(EXERCISE MATERIAL Opens)

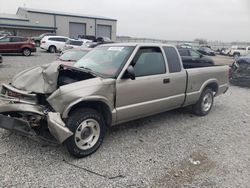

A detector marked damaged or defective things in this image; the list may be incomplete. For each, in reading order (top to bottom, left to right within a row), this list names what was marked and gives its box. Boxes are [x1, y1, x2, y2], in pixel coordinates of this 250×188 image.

crumpled hood [11, 62, 62, 93]
damaged pickup truck [0, 43, 229, 157]
front bumper damage [0, 101, 73, 144]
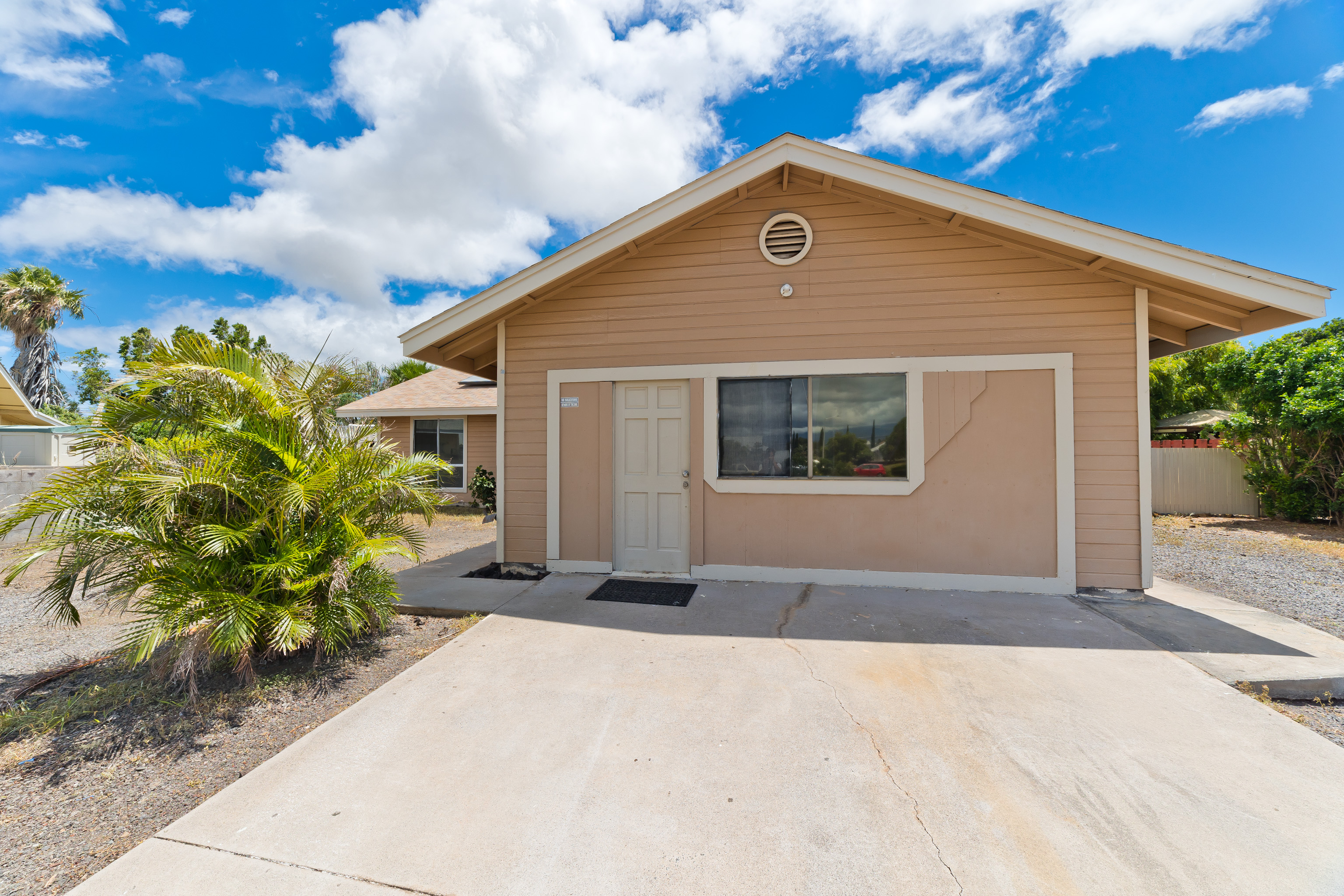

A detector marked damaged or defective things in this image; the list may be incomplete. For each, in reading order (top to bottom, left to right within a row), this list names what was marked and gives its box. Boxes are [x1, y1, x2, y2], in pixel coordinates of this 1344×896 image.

crack in concrete [152, 838, 446, 892]
crack in concrete [779, 583, 967, 896]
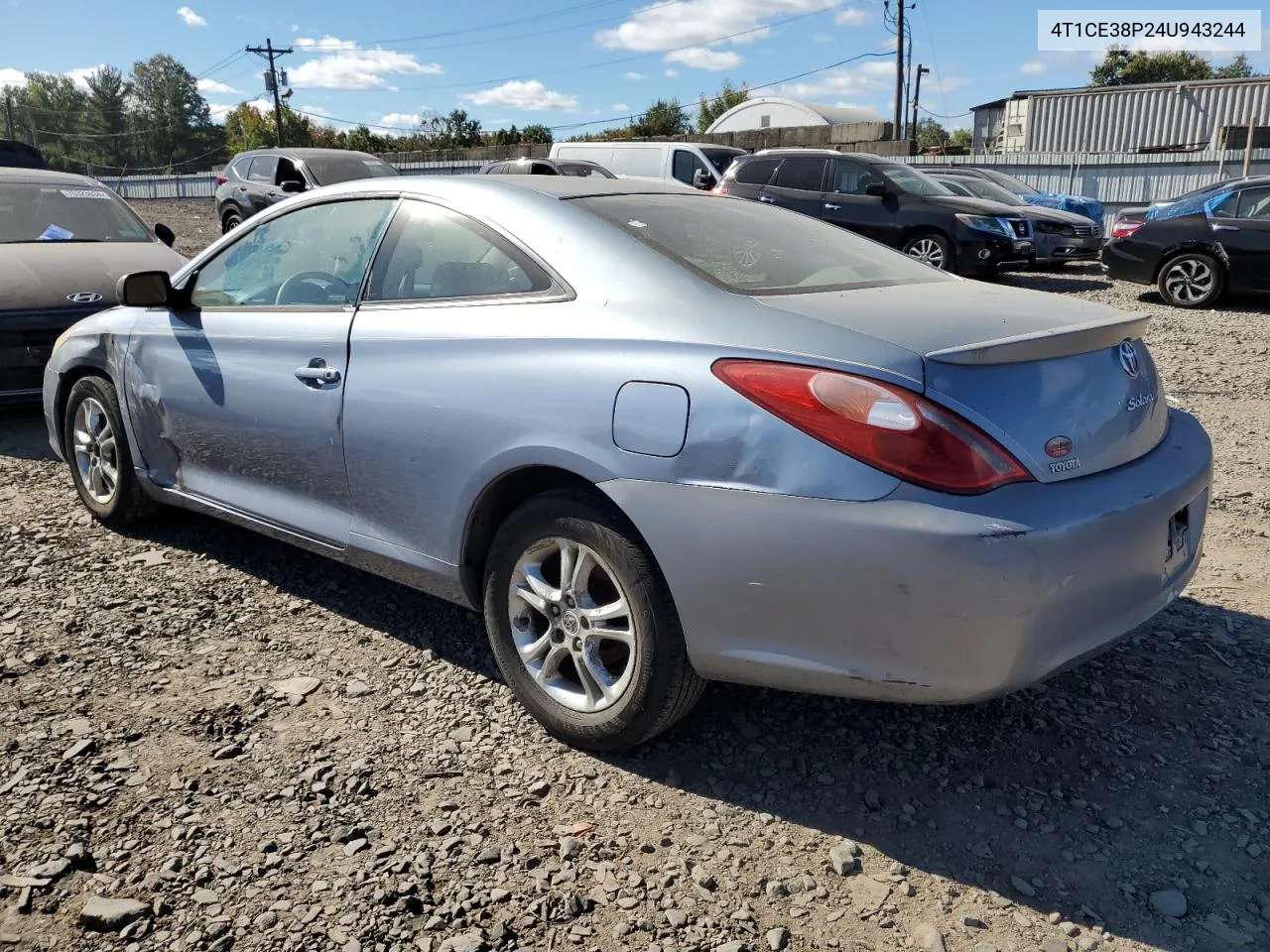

(EXERCISE MATERIAL Closes)

- [WHAT YOU NEED TO DO]: Your answer must be the records above, word for word, with no pictures.

- [SOLUTION BELOW]:
A detector marked damaged or defective things in this image; the list may be incomplete. For each, in reading order (top to bottom, left to right within a row), this list names what was marked and gives its box. Boxes are [x1, y1, x2, y2], in pixel coordinates of this 250×188 image.

crumpled hood [11, 62, 62, 93]
damaged pickup truck [0, 43, 229, 157]
front bumper damage [0, 101, 73, 144]

A detector marked damaged or defective things in this image; the list may be incomplete. For each, in reading order (top to bottom, left to right within a row), this list names what was marked and gives its box. Boxes are [x1, y1, x2, y2], in pixel coordinates of this 1344×896 image.

crack in concrete [152, 838, 446, 892]
crack in concrete [779, 583, 967, 896]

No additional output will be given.